Verantwortung der Ingenieurwissenschaften: Forschungstag an der Uni Siegen
Wie können angehenden IngenieurInnen die Themen „Verantwortung“ und „Nachhaltigkeit“ vermittelt werden? Darum ging es jetzt beim nationalen Forschungstag „Verantwortbarkeit und Nachhaltigkeit in der ingenieurwissenschaftlichen Lehre“ an der Universität Siegen.

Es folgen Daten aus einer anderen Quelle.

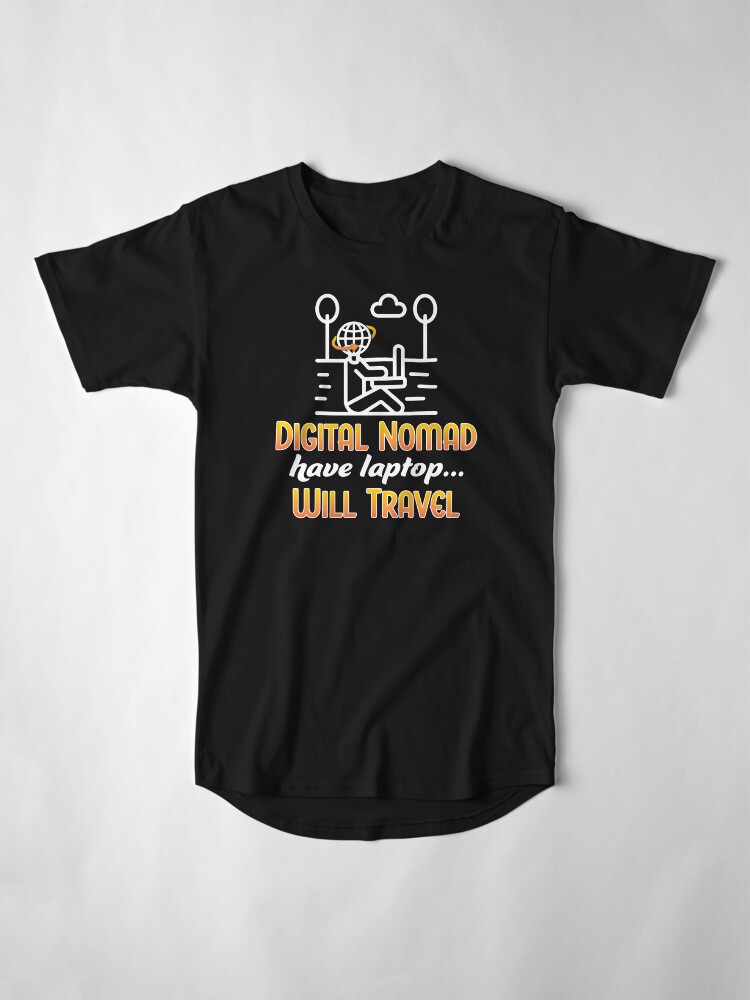 Alternate view of Digital Nomad. Long T-Shirt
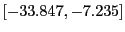 $ \left[ -33.847,-7.235\right] $
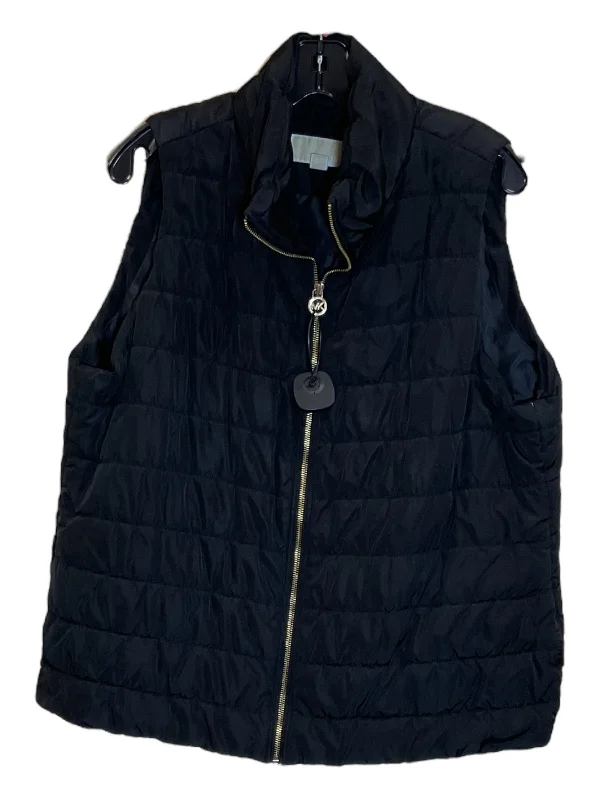 Black Vest Puffer & Quilted Michael Kors, Size 1x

Ingenieure entwickeln nicht nur technische Lösungen – sie gestalten mit ihren Technologien gleichzeitig auch unsere Gesellschaft. Damit gehe eine große soziale, ökologische und ökonomische Verantwortung einher, sagt Prof. Dr. Ralph Dreher vom Lehrgebiet „Technikdidaktik an Berufskollegs“ der Universität Siegen. Wie die Themen „Verantwortung“ und „Nachhaltigkeit“ in der technischen und naturwissenschaftlichen Ausbildung verankert werden können, war jetzt Thema des von Dreher ausgerichteten, nationalen Forschungstags „Verantwortbarkeit und Nachhaltigkeit in der ingenieurwissenschaftlichen Lehre“ im Artur-Woll-Haus der Uni Siegen.

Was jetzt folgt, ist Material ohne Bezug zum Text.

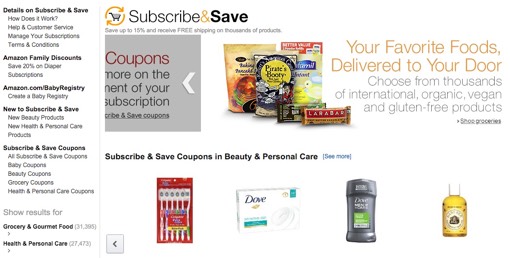 Amazon Subscribe and Save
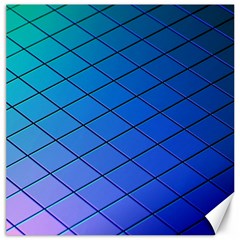 Blue Pattern Plain Cartoon Canvas 20  X 20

„In vielen Ländern, darunter Deutschland, erleben angehende Ingenieurinnen und Ingenieure in ihrer Berufsausbildung nicht das eigene Professionshandeln unter den Aspekten von Verantwortung und Nachhaltigkeit“, erklärt Prof. Dreher. „Diese sind weder als Bildungsziel curricular verankert noch wird daran in der Praxis mit den Studierenden reflexiv gearbeitet.“ Um dies zu ändern, schlägt Dreher eine Selbstverpflichtung der in den Ingenieurwissenschaften Lehrenden vor – in Form eines „Leonardischen Eides“. In Anlehnung an den hippokratischen Eid der Medizin soll darin die Vermittlung der Gestaltungsverantwortung anhand der Prinzipien der ethischen Legitimierbarkeit, der Nachhaltigkeit und der gesellschaftlichen Kontrollierbarkeit in der Ingenieurausbildung festgelegt werden.

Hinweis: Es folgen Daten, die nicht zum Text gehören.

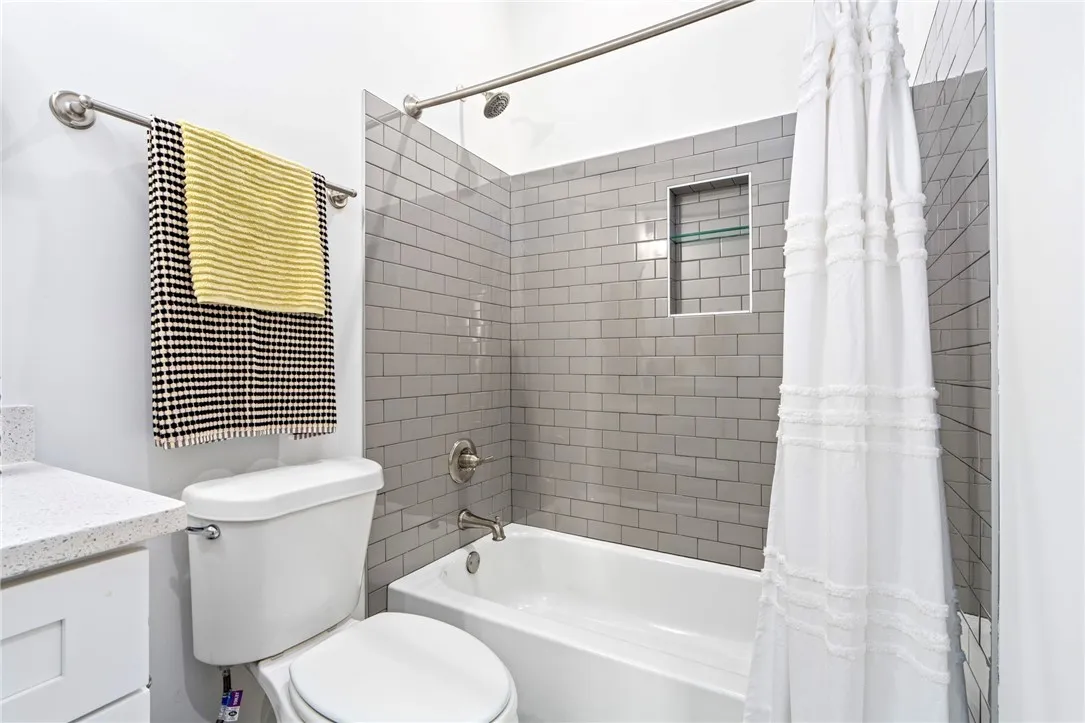 Full bath connected to office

Der Dekan der Naturwissenschaftlich-Technischen Fakultät der Universität Siegen, Prof. Ullrich Pietsch, unterstrich in seinem Grußwort hierzu: „Spätestens die Folgen der Entdeckung der Kernspaltung sollte jedem Wissenschaftler vor Augen führen, dass er sich schon bei der Publizierung seiner Entdeckung der gesellschaftlichen Folgen bewusst sein sollte.“ Ähnlich sahen es die meisten Teilnehmer dieses Forschungstages, die Hinwendung gerade der Hochschuldidaktik zu diesem Thema wurde einhellig begrüßt, auch wenn dieses bedeuten würde, die Zielvorstellung von Berufsfähigkeit gerade in den Bachelor-Studiengängen neu zu überdenken um diese dann neu zu konzipieren.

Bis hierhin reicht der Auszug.